*Ate (pronounced AH-TEH) = a title of respect, translating to ‘older sister’ in Tagalog.
Hi Ahteh,
It’s crazy to think that you were one of the first cousins I’ve ever met, become really close to, and kept in contact with throughout the years.
I remember when you came to Saipan in hopes of making a living here. But, of course, life had different plans, and you went on to follow a different goal of yours. I wished that you’d stayed with us longer, as it would have been lovely to have someone closer to my age who I could’ve had many girl’s night moments with, and go to when I searched for some much-needed advice.
Still, I’m very happy at how that change of events turned out for you – financial stability, and a family and home of your own in a foreign country – to say the least!
You have always been someone I looked up to and someone I dreamt of following in the same footsteps – maybe not to the exact scale, but close enough.
Ahteh, I admire your gentle nature. The way you speak is as soft as cotton candy, which I find to be welcoming and kind. When you get upset or angry, you manage to keep a cool aura around you, and it’s rare for me to see you stay beneath your dark clouds for long.

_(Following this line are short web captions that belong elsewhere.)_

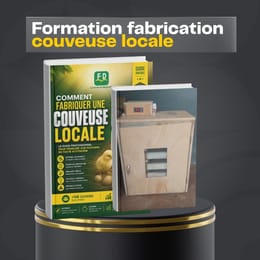 Formation fabrication couveuse locale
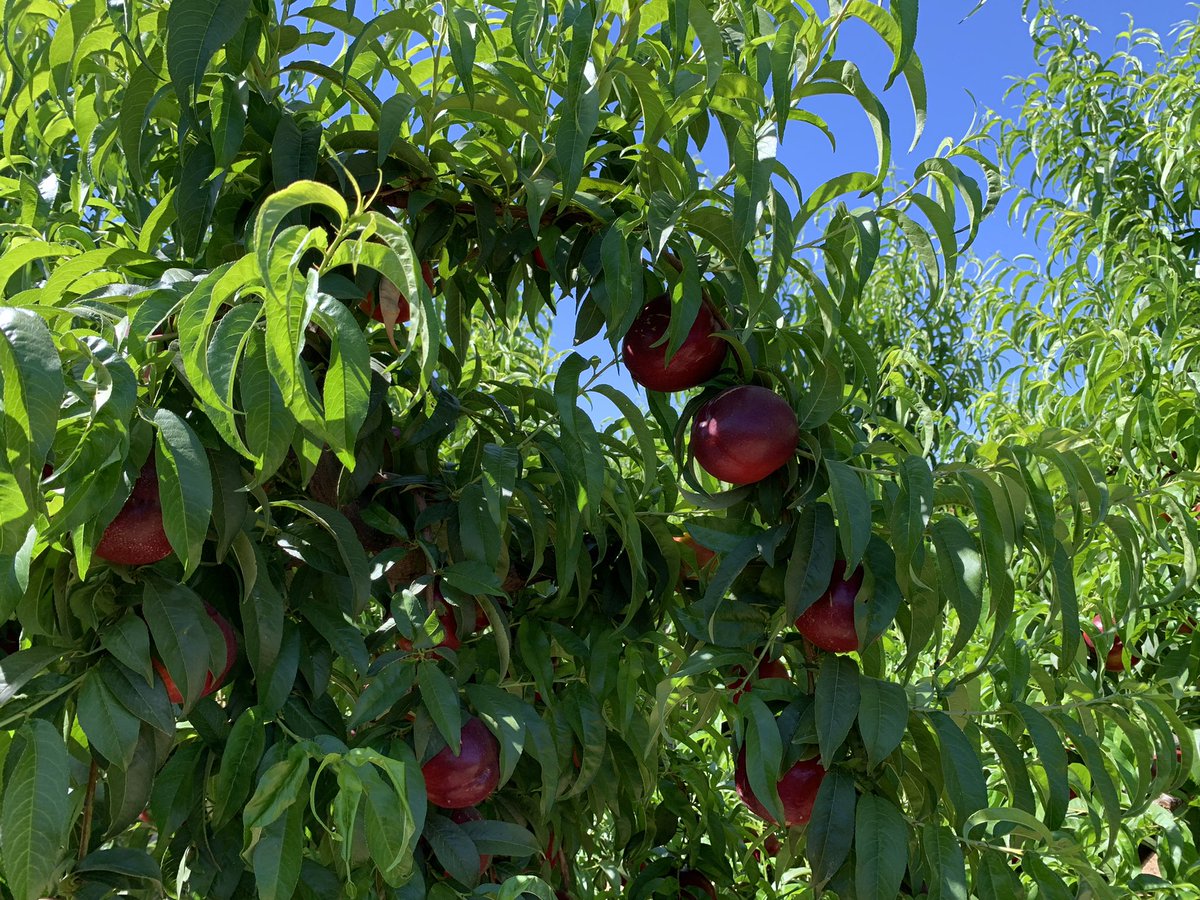 pfernandez1975's tweet photo. 📷 🍑Inicio recolección nectarina variedad 696-99 en Finca Cerro El Esparragal, Valdivia (Badajoz)
Con protocolo #CropBalance de @sipcam_iberia #equilibrionutricional #bioestimulantes #frutadehueso 👏👏💪 https://t.co/BvrAXF8I4o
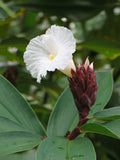 Crepe ginger  5 Seeds  Costus speciosus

Thank you for treating me like your own younger sister and for caring about me the way an older sister would.
I apologize for my behavior when you stayed with us when I was a child. Only child syndrome. I was not used to having someone else in the house and was, in fact, jealous of the treatment my mom gave you. Also, the fact that you were just naturally good at many things earned constant praise from my parents.
It’s a natural feeling to experience that with siblings, right? Oh boy, I wonder how I’d be if I actually had siblings. I probably wouldn’t be as bad considering I would’ve been used to the lifestyle since birth. I don’t know. I’ll leave the sibling narrative to you and your actual younger siblings, and my friends who have siblings. Nonetheless, I still feel embarrassed about my behavior, and I thank you for no longer harboring any negative feelings toward me (if you had any).
Ahteh, after hearing the many challenges you’ve been through from my mom, I admire you even more. I thought my life was challenging as it is, but it was still nothing compared to yours. I’m very thankful that you overcame those obstacles and are now living a much calmer life full of love, happiness, and two munchkins!
I miss my nephew a lot. I wonder if he still remembers me. I can’t wait to see him again and meet the latest addition to your family, my niece. Based on her photos, she looks like she’ll grow up to be confidently sassy. But, boy do the siblings look alike. I’m excited to see the bond between the siblings grow. I love that my niece has a kuya who I know will be protective of her and cherish her deeply. In turn, I think that she’ll be the one to shy away from her affections towards her older brother, but still love him fully and be there for him when he needs comfort.
Oh gosh, I’m already playing out how I think they’ll grow as siblings, aha. Hey, if it does happen between them, I’m going to be mind blown – happy, but still, mind blown.
Ahteh, I hope to visit you guys again soon. Maybe when I visit, we can go on more adventures with the entire group and have some amazing days to look back on.
Happy Holidays, stay healthy and safe, and hugs to the little ones!